### PROBLEM DETAILS:
Each line of the data must be given back verbatim, with pictures removed.

Image-caption web data:

=====

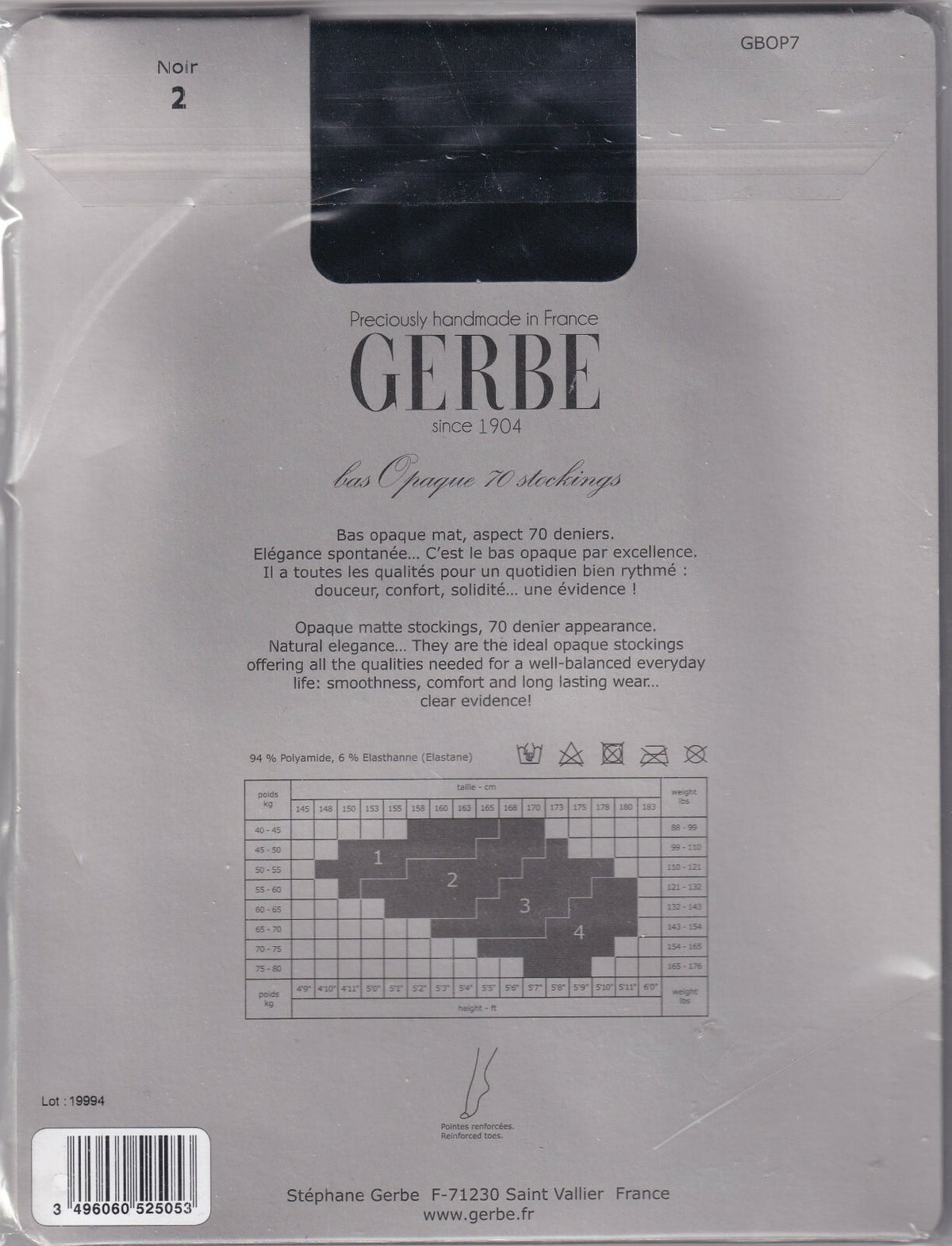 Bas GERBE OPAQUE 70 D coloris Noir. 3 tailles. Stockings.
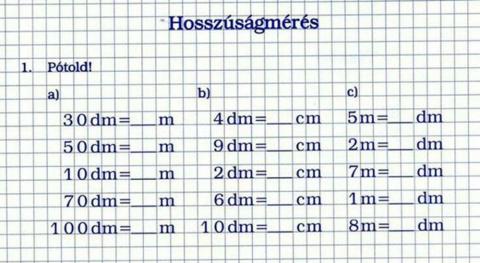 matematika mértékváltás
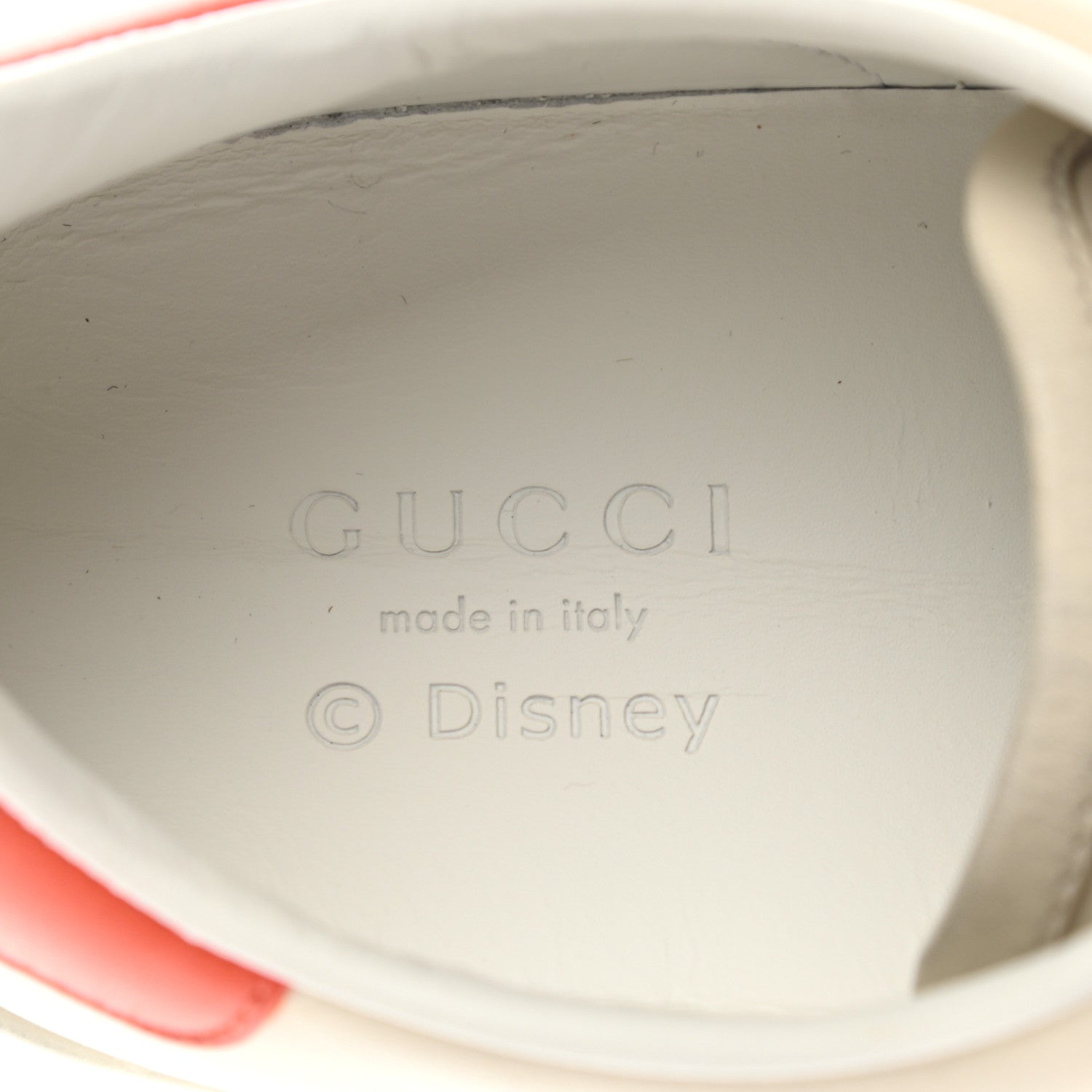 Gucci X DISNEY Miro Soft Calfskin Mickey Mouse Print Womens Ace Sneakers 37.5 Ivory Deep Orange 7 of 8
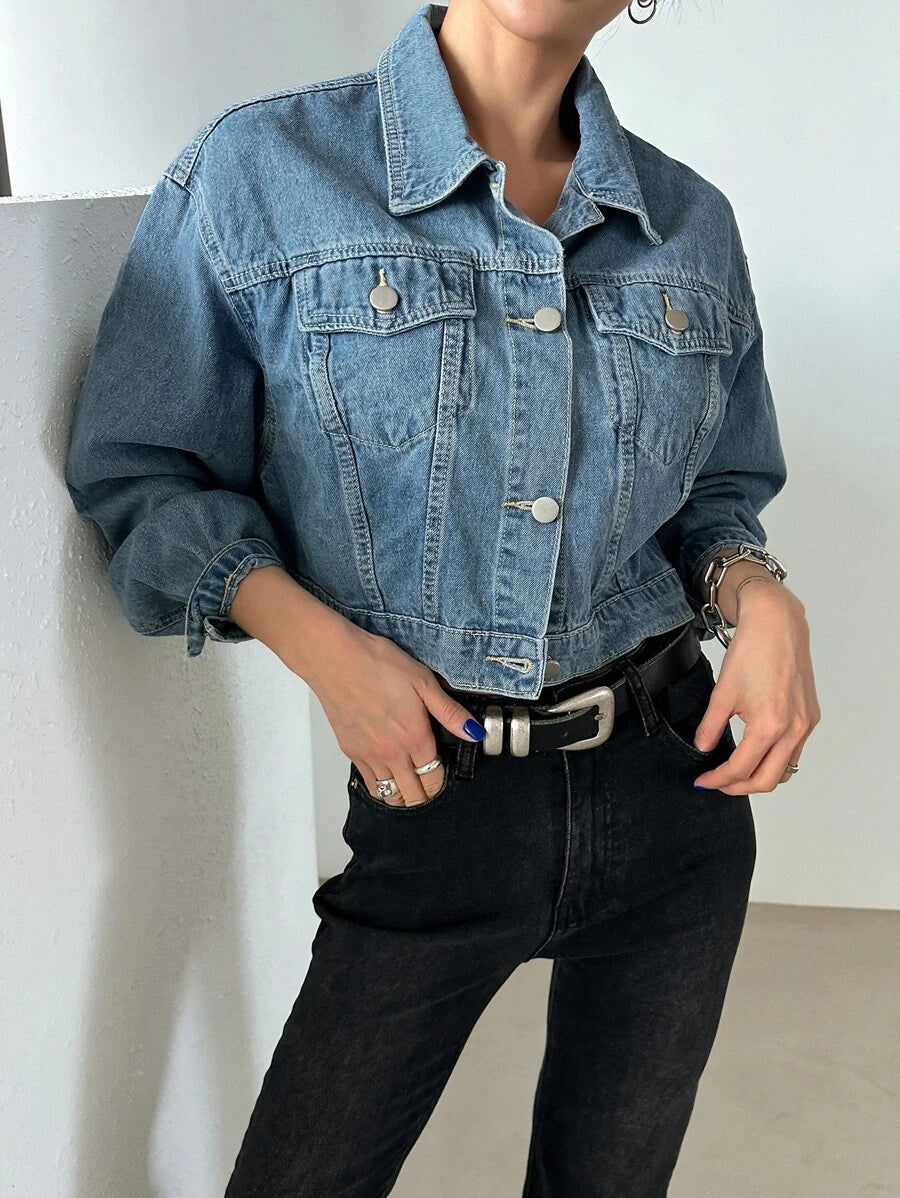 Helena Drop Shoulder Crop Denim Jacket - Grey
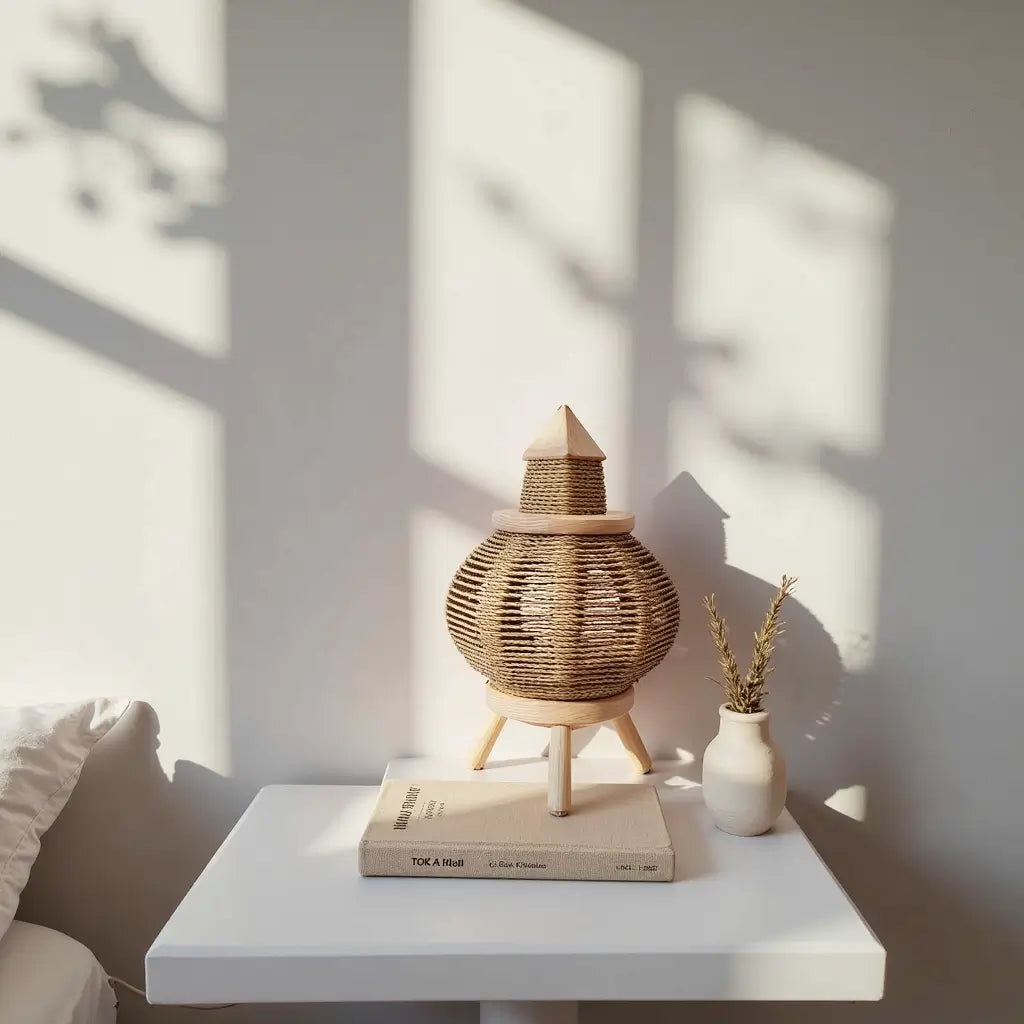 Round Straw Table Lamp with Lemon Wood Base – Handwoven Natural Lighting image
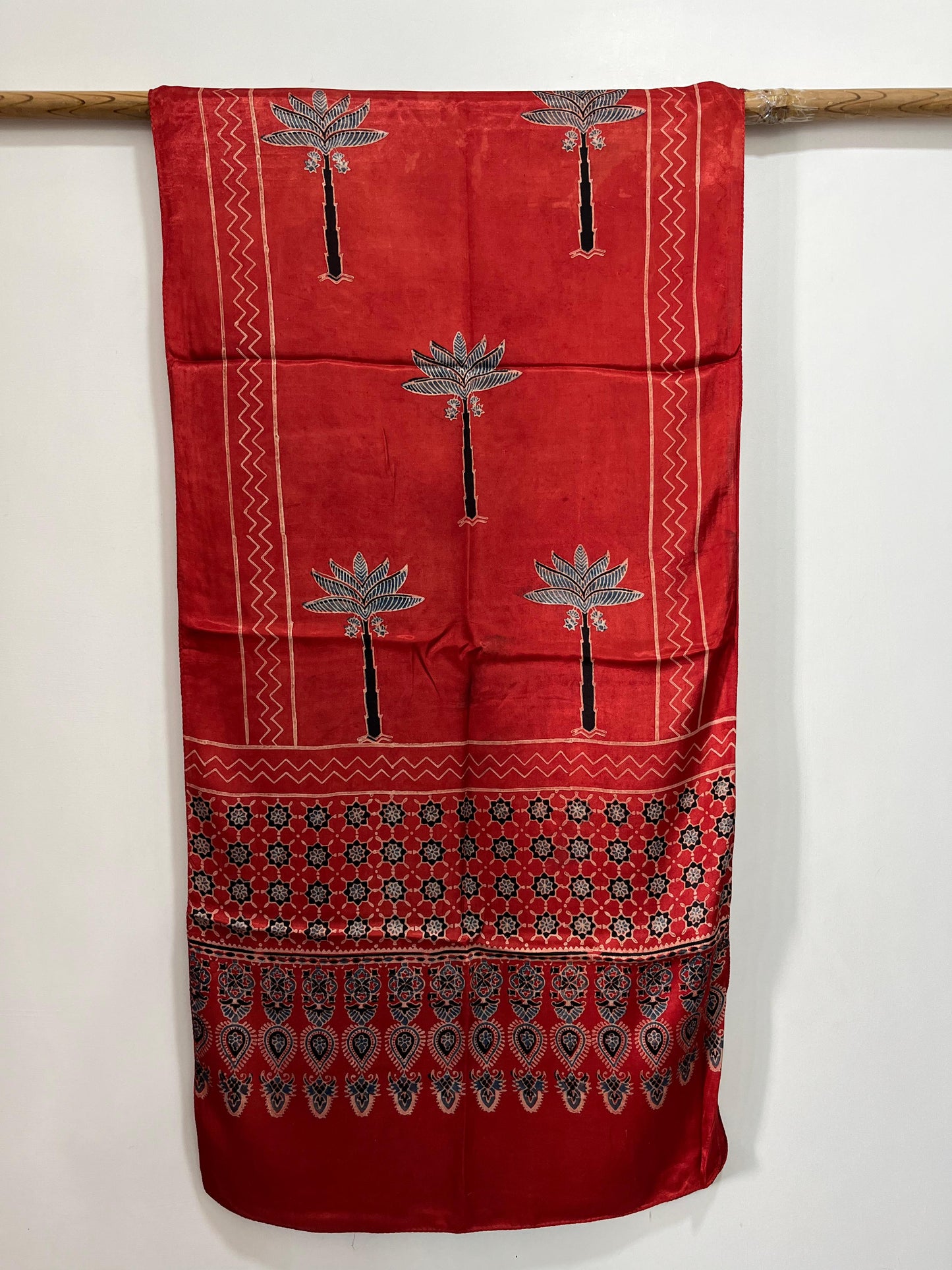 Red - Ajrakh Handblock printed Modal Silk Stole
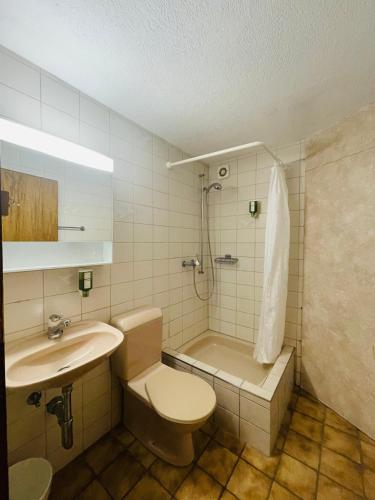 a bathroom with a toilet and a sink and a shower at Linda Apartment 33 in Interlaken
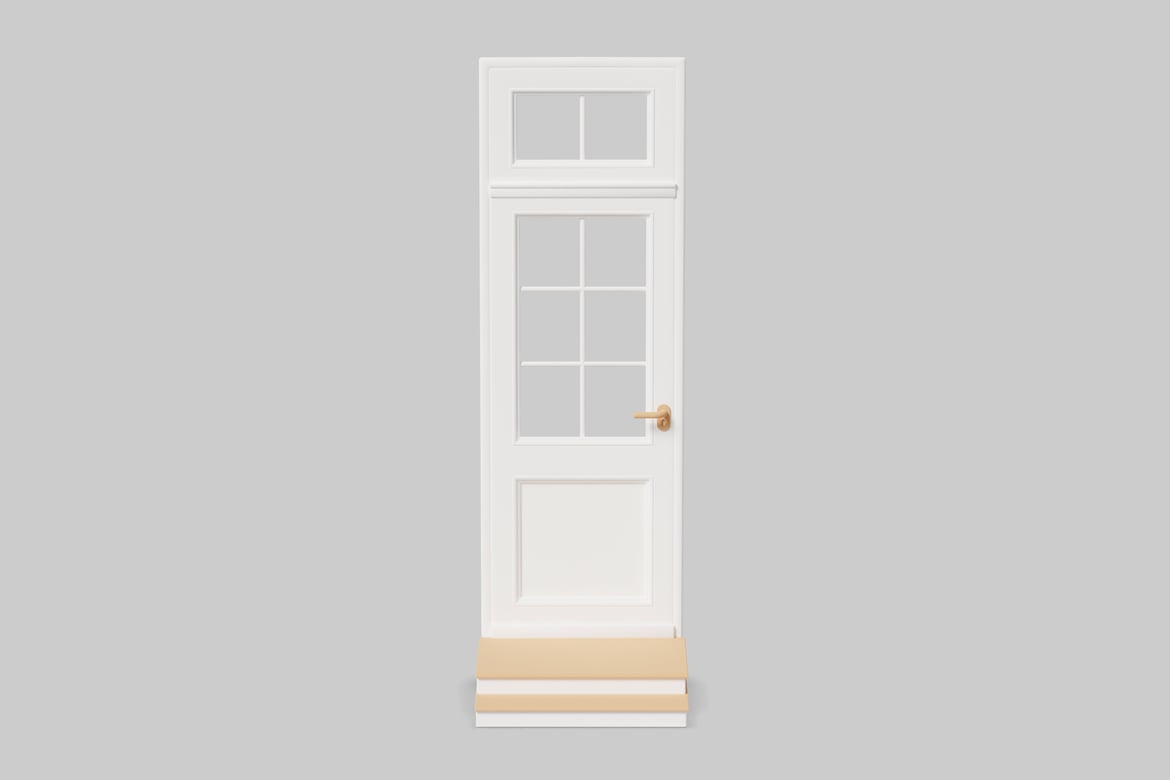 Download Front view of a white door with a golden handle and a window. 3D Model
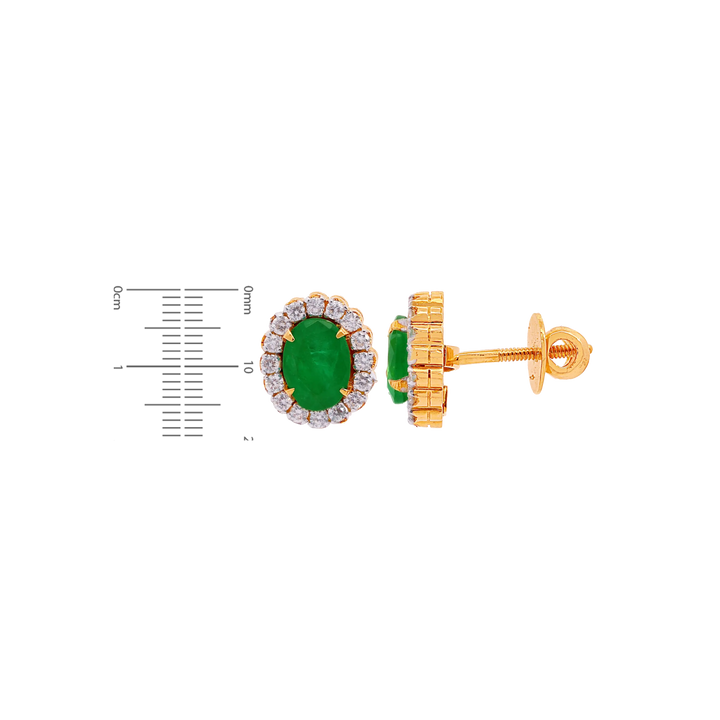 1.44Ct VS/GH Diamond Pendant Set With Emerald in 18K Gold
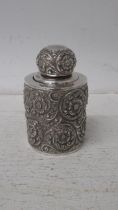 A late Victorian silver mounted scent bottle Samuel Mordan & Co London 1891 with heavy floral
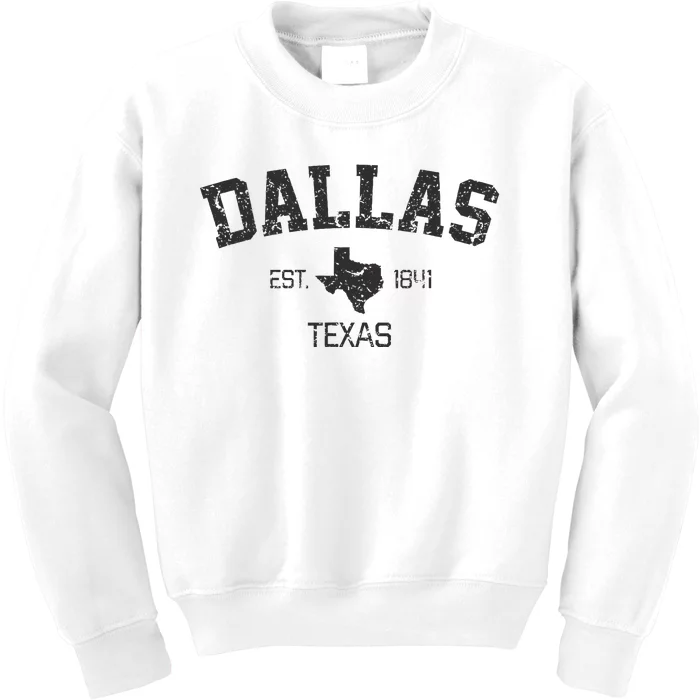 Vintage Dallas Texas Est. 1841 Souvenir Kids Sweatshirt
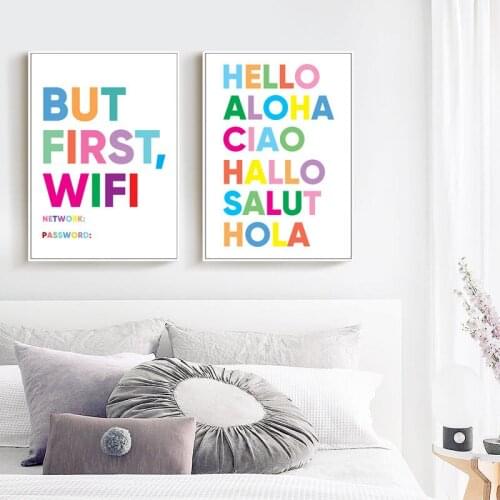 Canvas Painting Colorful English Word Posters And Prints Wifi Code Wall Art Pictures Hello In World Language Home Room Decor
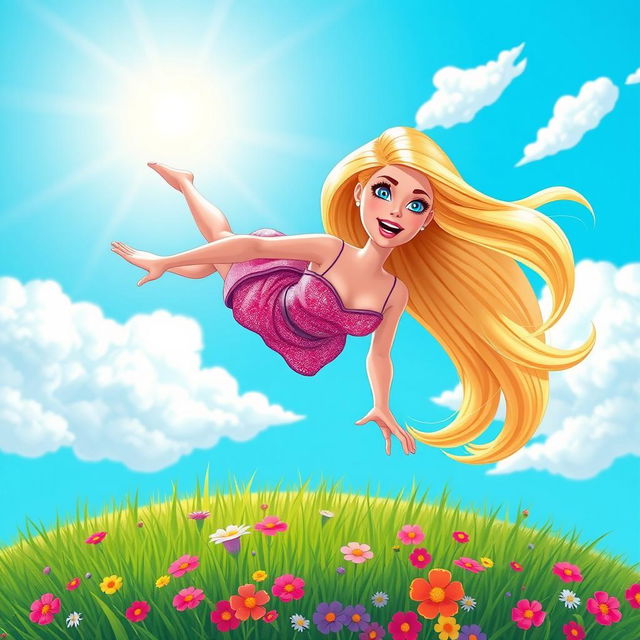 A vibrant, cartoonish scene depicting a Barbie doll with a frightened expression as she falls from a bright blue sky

=====

### RESPONSE AREA:
 Bas GERBE OPAQUE 70 D coloris Noir. 3 tailles. Stockings.
 matematika mértékváltás
 Gucci X DISNEY Miro Soft Calfskin Mickey Mouse Print Womens Ace Sneakers 37.5 Ivory Deep Orange 7 of 8
 Helena Drop Shoulder Crop Denim Jacket - Grey
 Round Straw Table Lamp with Lemon Wood Base – Handwoven Natural Lighting image
 Red - Ajrakh Handblock printed Modal Silk Stole
 a bathroom with a toilet and a sink and a shower at Linda Apartment 33 in Interlaken
 Download Front view of a white door with a golden handle and a window. 3D Model
 1.44Ct VS/GH Diamond Pendant Set With Emerald in 18K Gold
 A late Victorian silver mounted scent bottle Samuel Mordan & Co London 1891 with heavy floral
 Vintage Dallas Texas Est. 1841 Souvenir Kids Sweatshirt
 Canvas Painting Colorful English Word Posters And Prints Wifi Code Wall Art Pictures Hello In World Language Home Room Decor
 A vibrant, cartoonish scene depicting a Barbie doll with a frightened expression as she falls from a bright blue sky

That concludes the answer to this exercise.